§ MATERIAL PROVIDED:
= Beginning of Section =

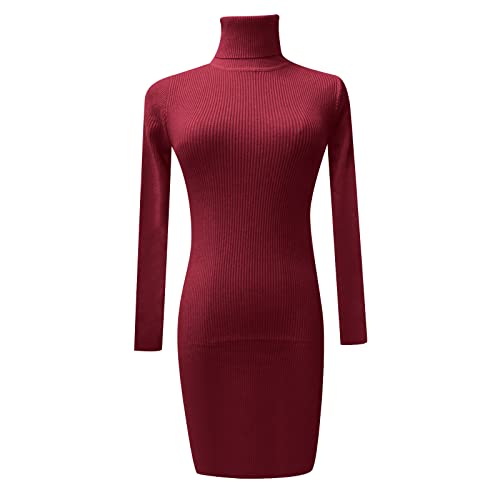 Robe pull rouge sexy en maille pour soirées d'hiver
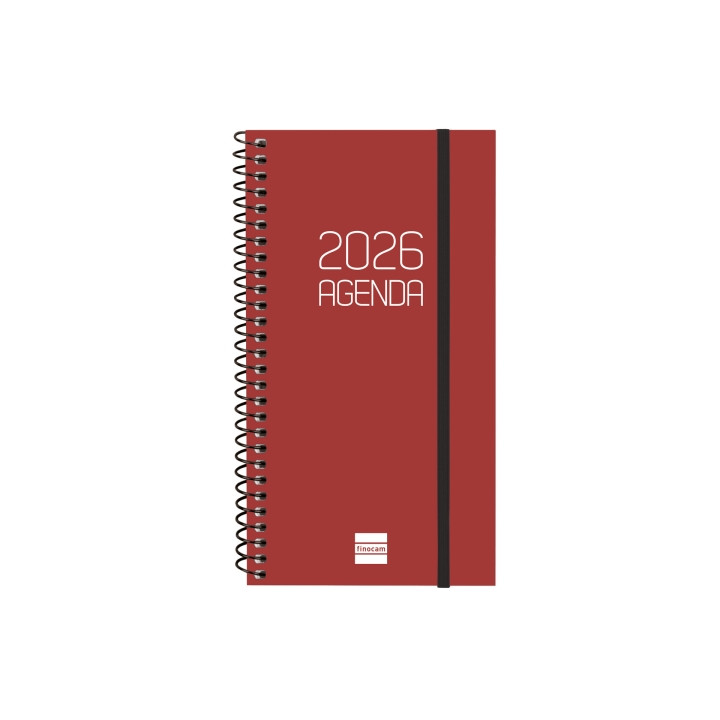 Finocam Opaque Agenda de Espiral - Anual 2026 - Tapa Ligera - Cierre con Goma Elastica - Formato E9 - 100x14x171mm - Semana Vis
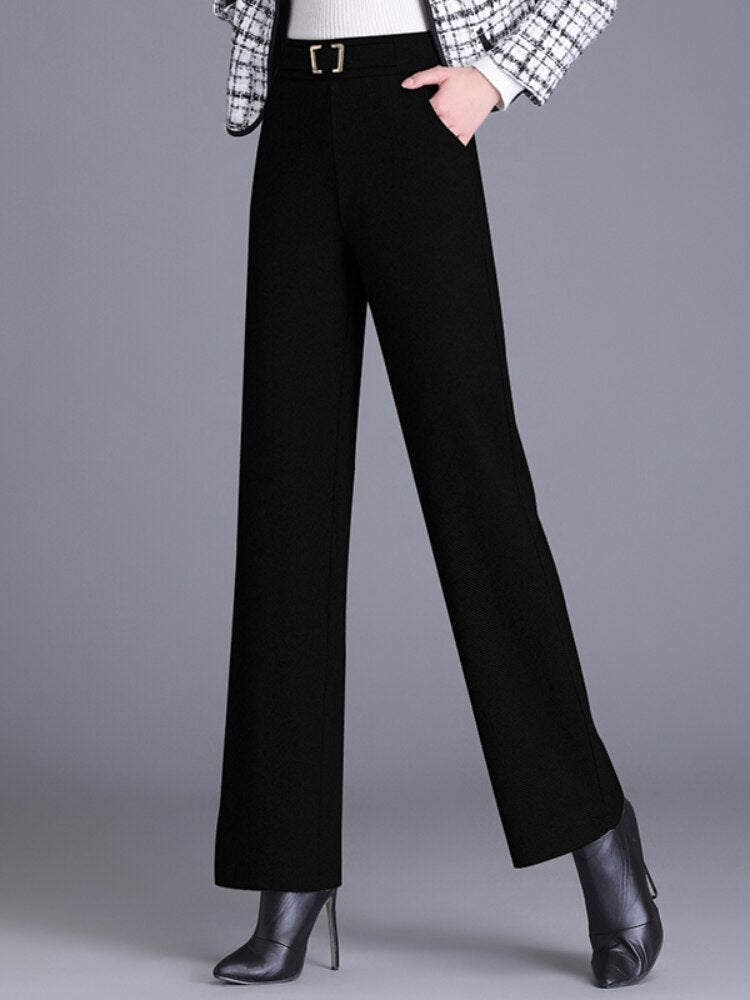 Women&#39;s Pants Wide Leg Pants Office Lady Trousers Baggy Pants 2022  Autumn Female Clothing High Waist Elegant Black Pants Women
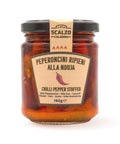 Retro del vaso da 190 grammi di Peperoncino Ripieno alla 'Nduja Scalzo Calabria, con lista ingredienti e valori nutrizionali.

= End of Section =

§ EXERCISE: Please restate word for word each line from the one containing "Women&#39;s Pants Wide" to the end of the data above, without the pictures.

§ ANSWER BELOW:
 Women&#39;s Pants Wide Leg Pants Office Lady Trousers Baggy Pants 2022  Autumn Female Clothing High Waist Elegant Black Pants Women
 Retro del vaso da 190 grammi di Peperoncino Ripieno alla 'Nduja Scalzo Calabria, con lista ingredienti e valori nutrizionali.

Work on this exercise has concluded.